Drawing on a wide range of archival sources, this article project examined the role of the penalty of ‘loss of civil rights’ during the so-called treason trials – the Norwegian authorities’ reckoning with wartime collaborators after 1945. At the beginning of the 20th century, the penalty had grown out of fashion for being out of line with ‘modern’ punitive theory. But during the occupation, the Norwegian exile government and resistance revisited the penalty ahead of their planned ‘reckoning’ with Nazi collaborators and significantly expanded its scope.
The wartime provisions concerning the loss of civil rights were draconian. They posed an existential threat to sentenced collaborators in that they curtailed not only their political, but also their economic and social rights. Individuals sentenced to a ‘loss of civil rights’ for example lost the right to acquire certain types of property, access to a wide range of professional licences and their public pension rights. However, the wartime provisions were never fully implemented following the liberation.
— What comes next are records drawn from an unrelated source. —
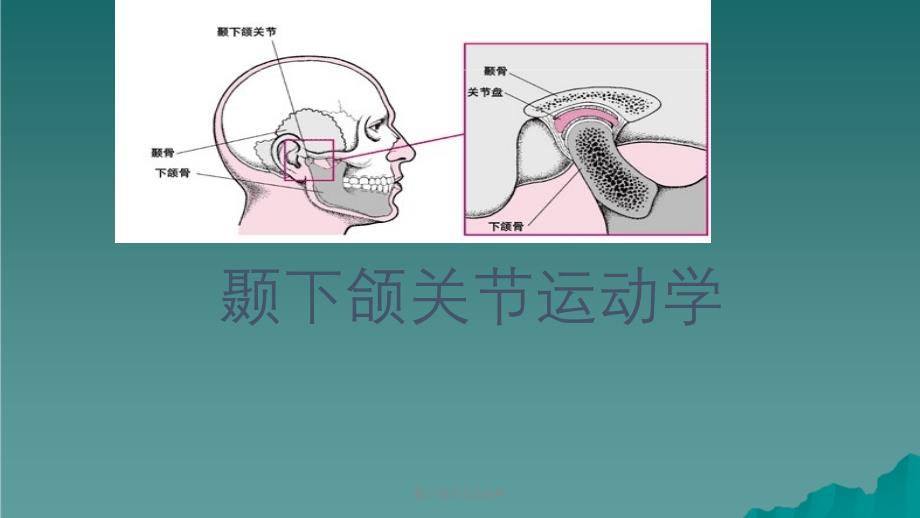 颞下颌关节运动学课件_第1页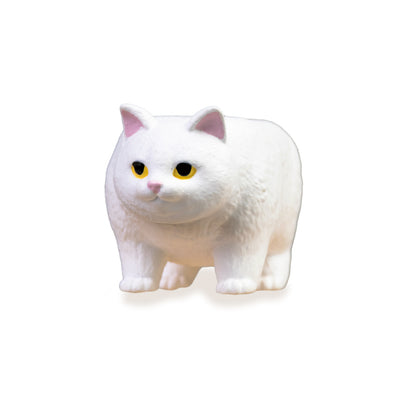 貓咪金字塔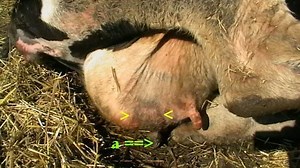 Mastitis in dairy cattle - Alchetron, the free social encyclopedia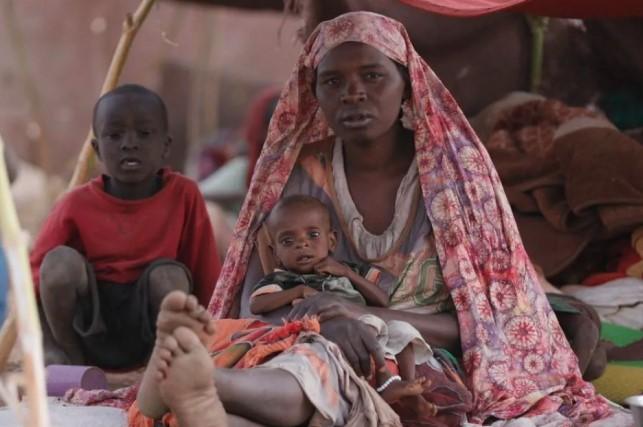 PBB Desak Gencatan Senjata di Sudan, El Fasher Terancam Kelaparan dan Wabah di Tengah Krisis Kemanusiaan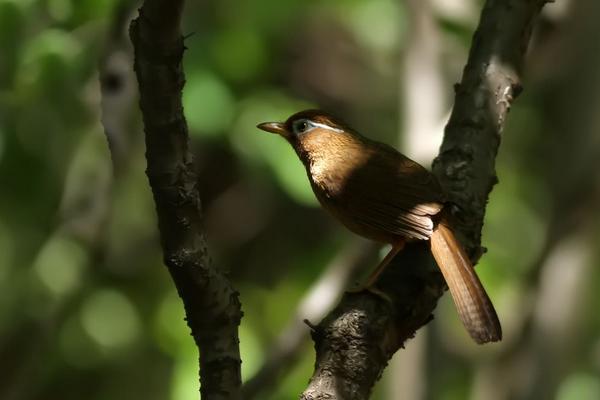 2018養畫眉賺錢嗎?畫眉養殖的利潤與投資成本及前景預測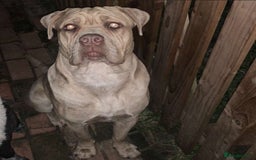 Bandog dogs for stud: Male Bandog for stud  - Image 2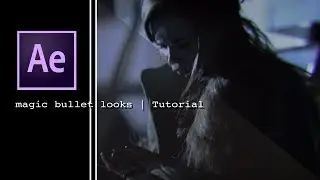 How To Use Magic Bullet Looks | Tutorial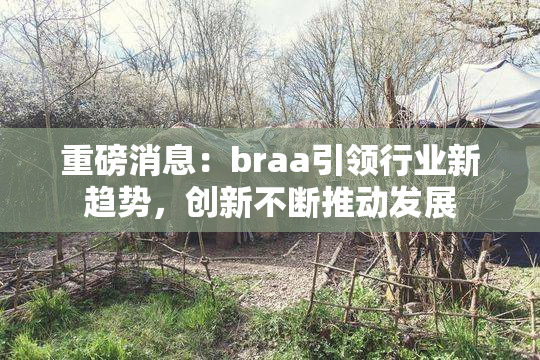 重磅消息：braa引领行业新趋势，创新不断推动发展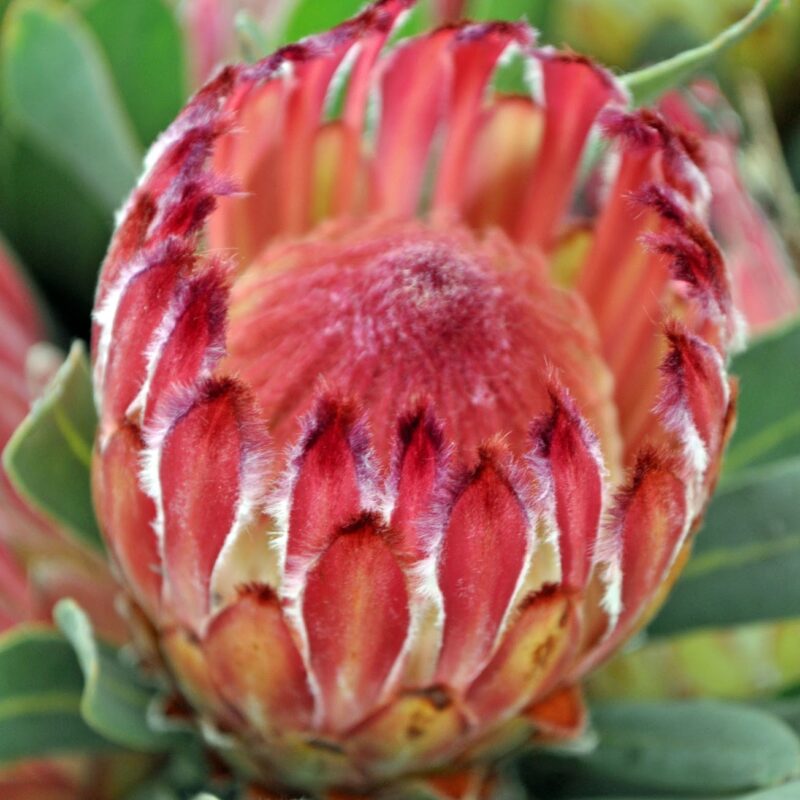 Protea Exima Rose Spoon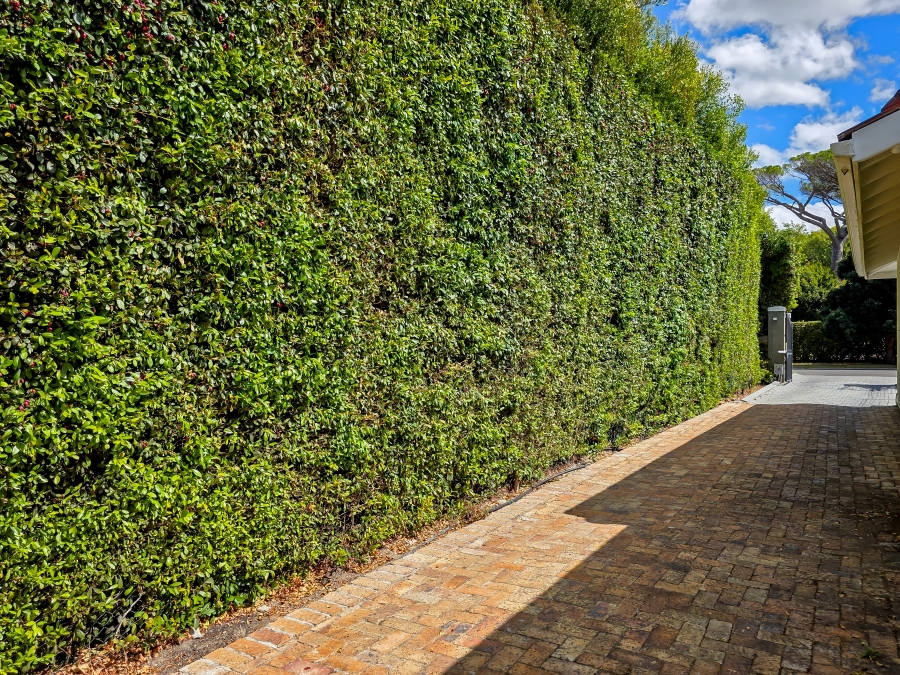 2 Bedroom Property for Sale in Belle Constantia Western Cape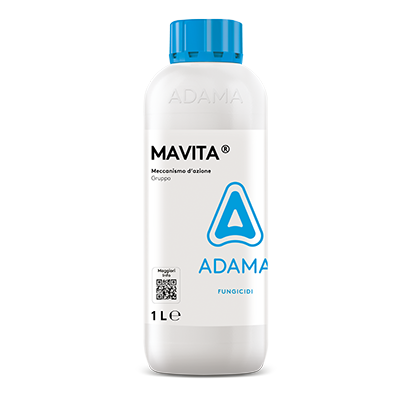 MAVITA 1L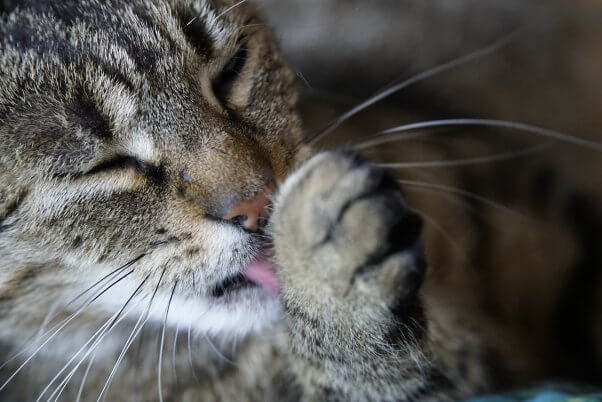 A grey cat grooming themself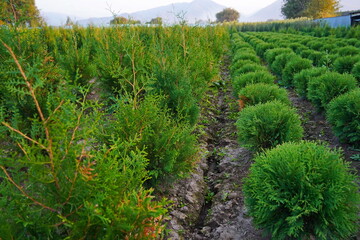 A large nursery of different plants. Gardening and landscape design.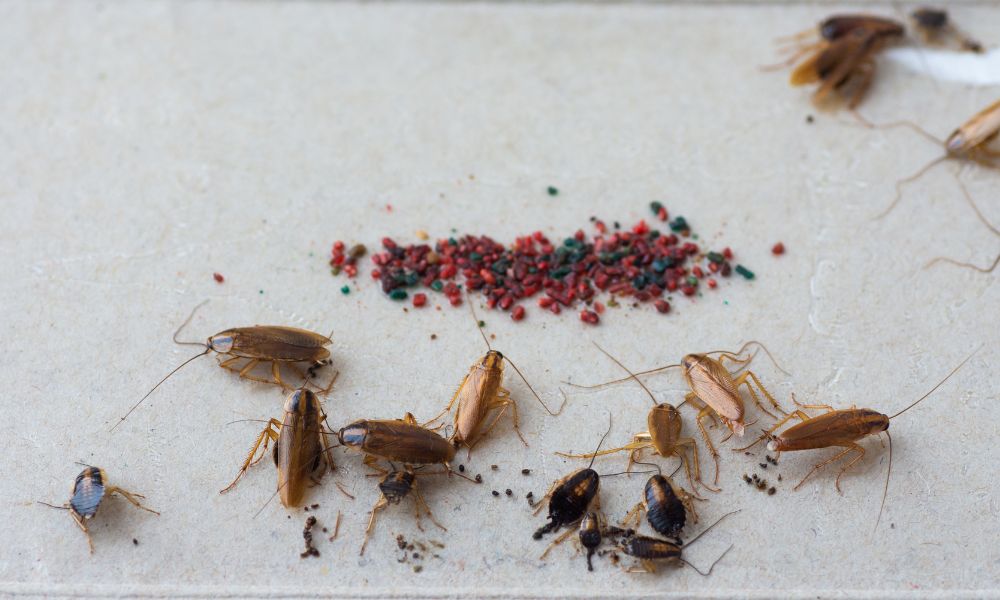 Cómo identificar los excrementos de cucarachas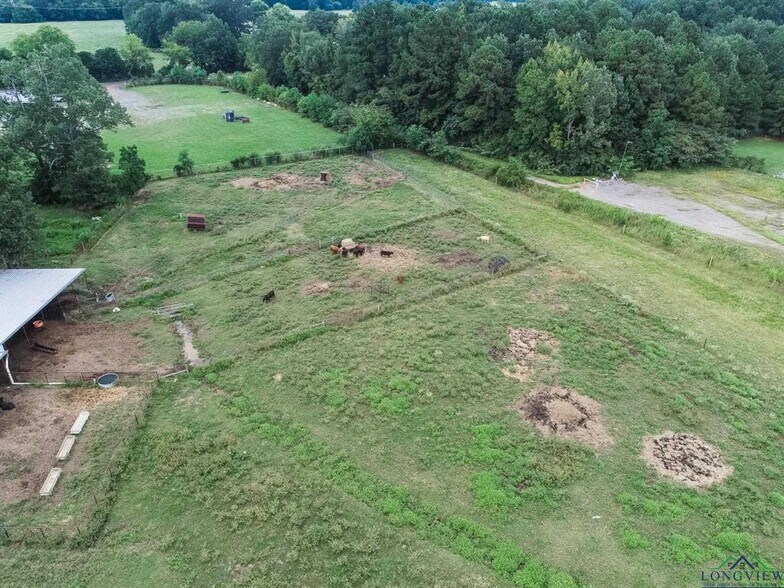 More Photos Of 1024 US Highway 59 N, Carthage Veterinarian Kennel For Sale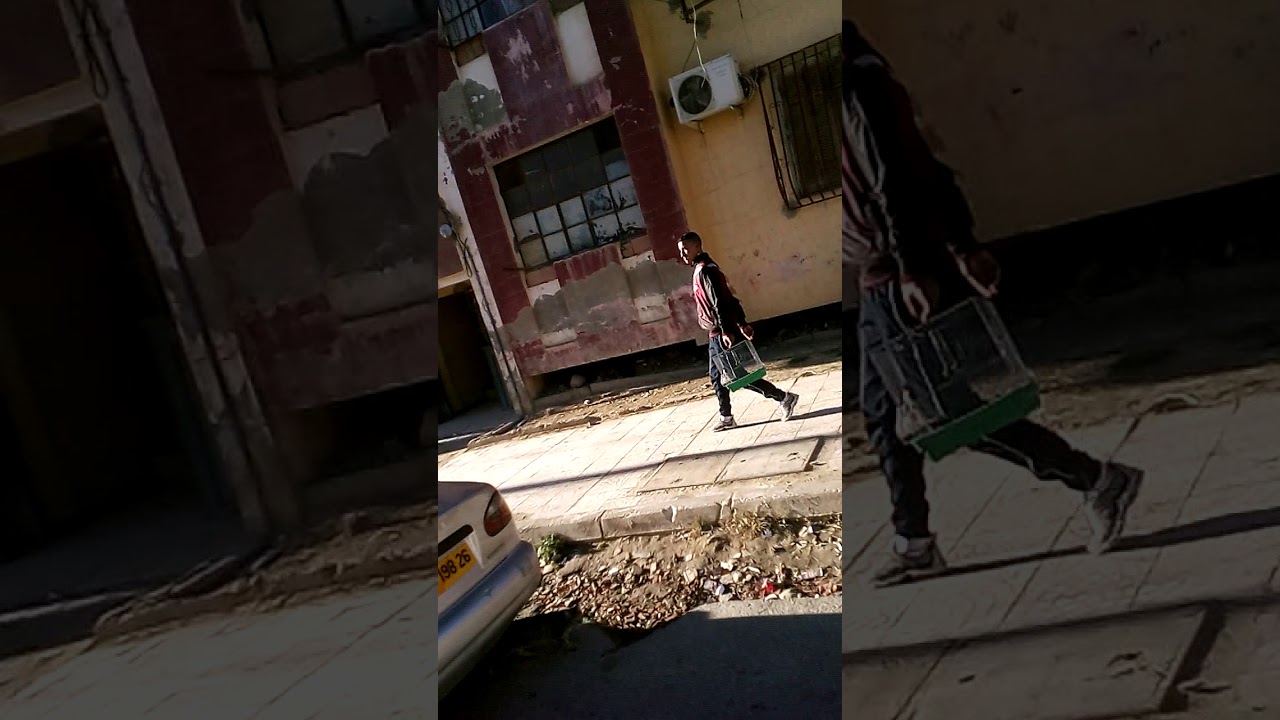 جولة في حي الزبرة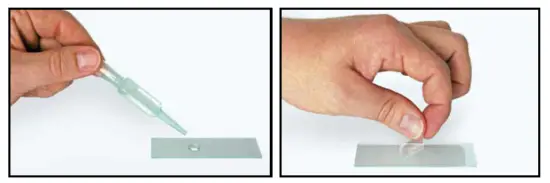 BRESSER-9203820000000-Oxford-40x-2000x-Microscope-7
This article argues that for policy makers, the penalty of ‘loss of civil rights’ had ‘two lives’: during the war they relied on it to signal to the Norwegian population that collaborators would be punished harshly, which they hoped would help prevent popular violence following a liberation. But after the war, political pragmatism, economic necessity and an increasing desire for social reconciliation were key motivations for the government to begin ameliorating the effects of the penalty. The article demonstrates how the official handling of the penalty of ‘loss of civil rights’ points to ways that the rationales for the punishment of collaborators during the treason trials changed over time.